Saat ditanya soal surat Al-Maidah dalam pidato, Sahbudin tidak tahu.
"Saya enggak perhatiin," ujar dia.
Baik Jaenudin dan Sahbudin tidak memperhatikan ucapan Ahok soal surat Al-Maidah 51 pada pidato tersebut. Keduanya mengatakan mereka merasa biasa-biasa saja tentang pidato Ahok. Begitupun warga pulau yang mendengarnya. (Baca: Tingkah Nelayan yang Jadi Saksi Ini Bikin Sidang Ahok Penuh Tawa)
Tersinggung dan kecewa
Keduanya baru tahu masalah dugaan penodaan agama justru setelah beberapa hari. Jaenudin diminta menjadi saksi dan dibuatkan BAP terkait kejadian itu. Oleh polisi, Jaenudin diperlihatkan video pidato Ahok.

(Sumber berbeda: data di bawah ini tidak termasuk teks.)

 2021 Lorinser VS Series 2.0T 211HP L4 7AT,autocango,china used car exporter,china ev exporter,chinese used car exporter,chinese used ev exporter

"Kan saya ditanya, 'Bapak tahu enggak sempat disinggung surat Al-Maidah di sana?' Saya bilang enggak tahu, sama dia 'Nih biar Bapak nonton nih'," ujar Jaenudin.
Setelah menyaksikan ulang, barulah Jaenudin merasa tersinggung.
"Kalau Pak Ahok bicara seperti itu ya harus minta maaf," ujar Jaenudin.
Begitupun dengan Sahbudin. Sahbudin baru tahu soal Al-Maidah dalam pidato Ahok ketika berkumpul dengan teman-temannya di Kali Adem. Dia menonton video pidato Ahok ketika di Kali Adem.
Namun, Sahbudin merasa bahwa itu bukan urusannya. Kemudian, Sahbudin menonton acara kuliah subuh Aa Gym dari televisi yang mengatakan apabila Ahok meminta maaf, maka masalah selesai.
"Aa Gym bilang kalau memang salah ya minta maaf," ujar Sahbudin. (Baca: Saksi Nelayan Kecewa Ahok Singgung Al Maidah Saat Sosialisasi)
Setelah itulah dia merasa kekecewaan terhadap Ahok. Sebab, Ahok menyampaikan ayat dalam Al-Quran pada acara budidaya ikan kerapu.
"Kita kan Islam, Pak Ahok Kristen, ya enggak sesuai saja," ujar Sahbudin.